朝起きると若かりし自分が戻ってくるのよね。若い感性で懸命に生きようとしてた私が。そして今日何をしたいかがわかる。オンもオフも自分のペースを崩さない夫の頑固さは今も変わらないけど、世の中に迎合して人間関係も仕事もうまくやれてしまうような人とは、今も昔も縁がないのよね。
インターネットがあると友達もお仕事も楽しみもすぐにあるような気がしてしまう。だけど要らぬ心配もネットから入ってくる。結婚当初も今も生きる不安はあるけど、昔の方が現実にあるものを大事にして生きようとしていた。
人生の半分をとうにすぎたのだ。何もかも減っていく歳になったのだ。
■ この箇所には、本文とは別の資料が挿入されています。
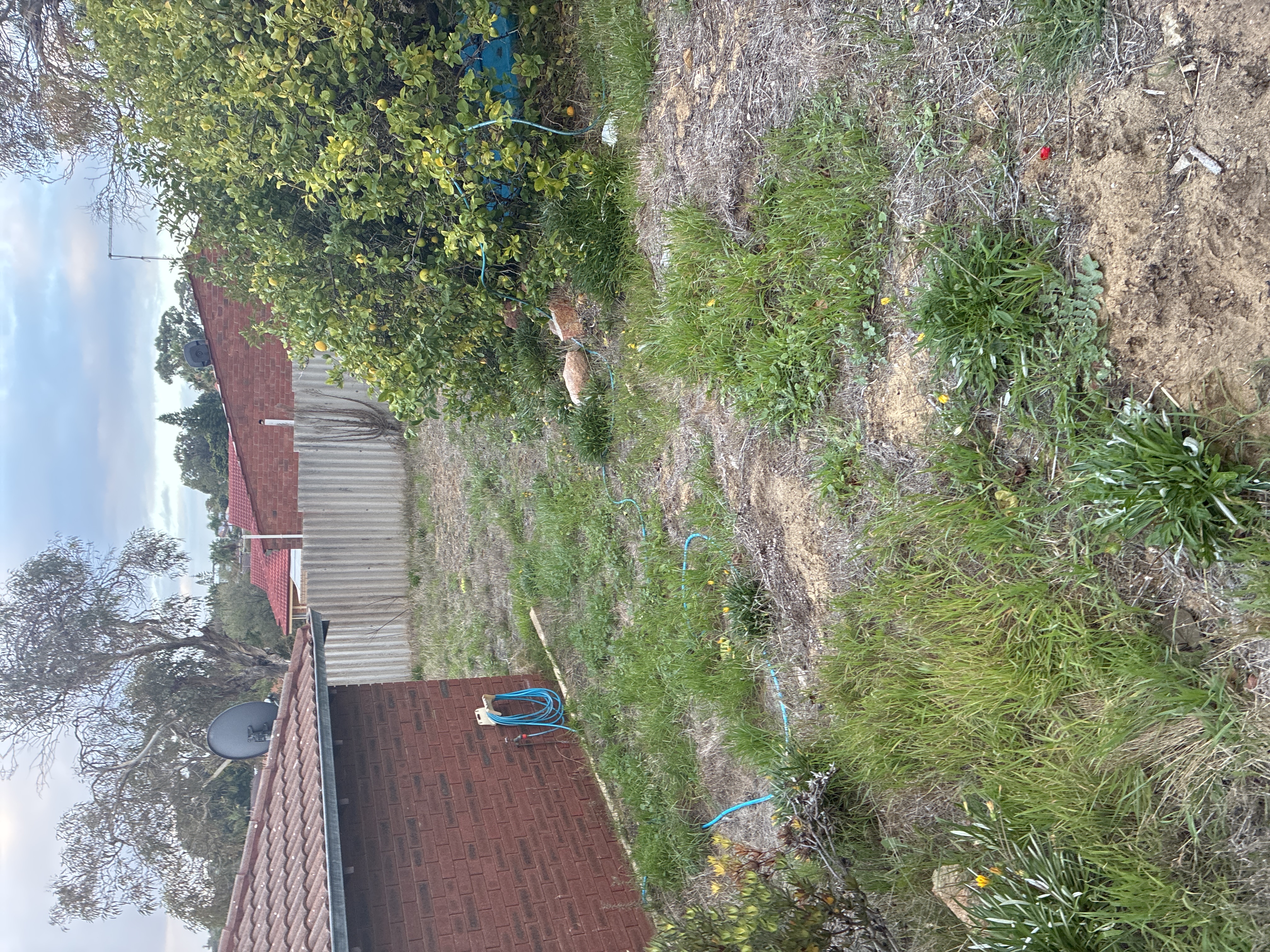image-10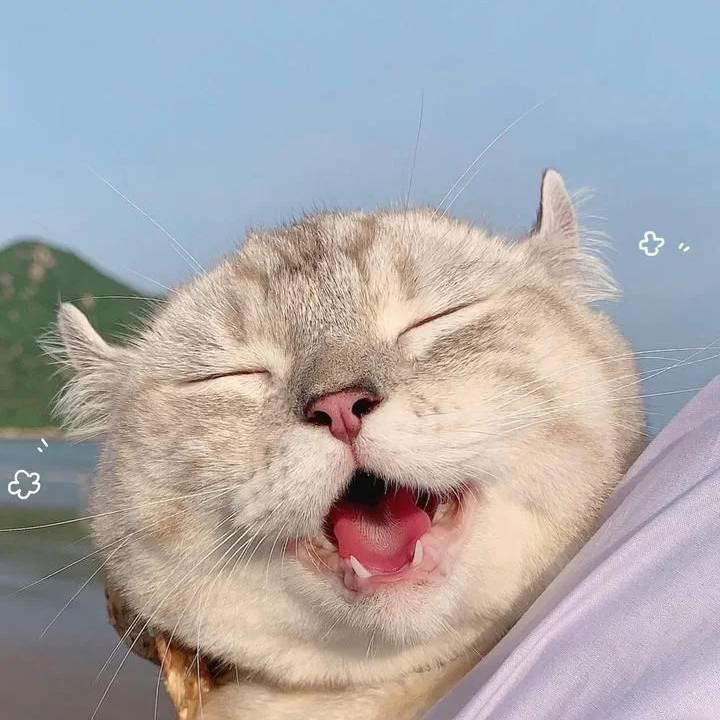 菩提子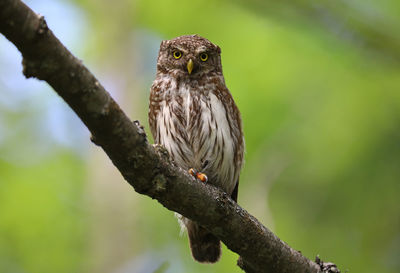 Close-up of owl perching on branch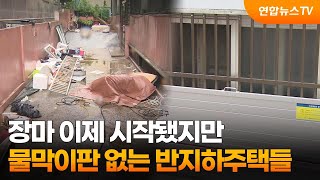 장마 이제 시작됐지만…물막이판 없는 반지하주택들 / 연합뉴스TV (YonhapnewsTV)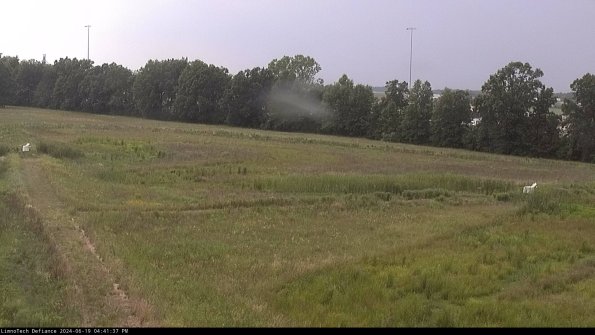 Cell 2_24-06-19_16-41-38-41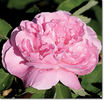 Fragrant Masterpiece rose photo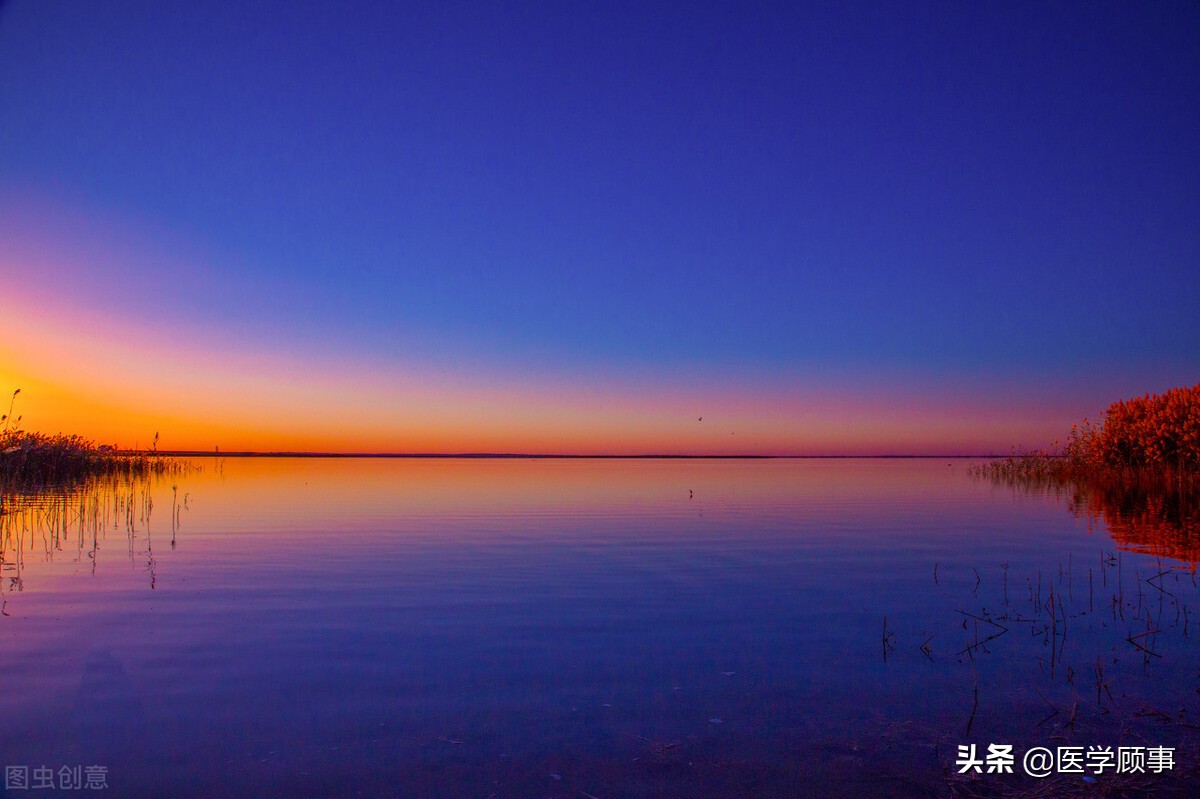 中医专家安阿玥,安阿玥医术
何かしないとと焦る自分と、腹を据えて今も精一杯生きようとする自分が入れ代わり訪れる。
6年前の自分の写真を見たら、太っていて頬が丸かった。あの時は豊かだったな。不満も多かったけど。不満が言えるということは豊かな証拠だ。
夫が「寝る時間を早くしよう」という。私もまた夫との時間をたくさん持ちたい。先は長くないからね。私の目標は、夜更かし、睡眠薬を止めることと、SNSを減らすこと。昔の健康で穏やかな生活を取り戻したい。
生きようとする意味を、若い時はこれほど深く感じなかったな。
年齢を重ねても、感性は成長していくよ。絵を描く時、文章書く時いつも感じる。私が感じることは常に新しくなっている。芸術は生きる力だ。私のための作品がいつか誰かの力になる。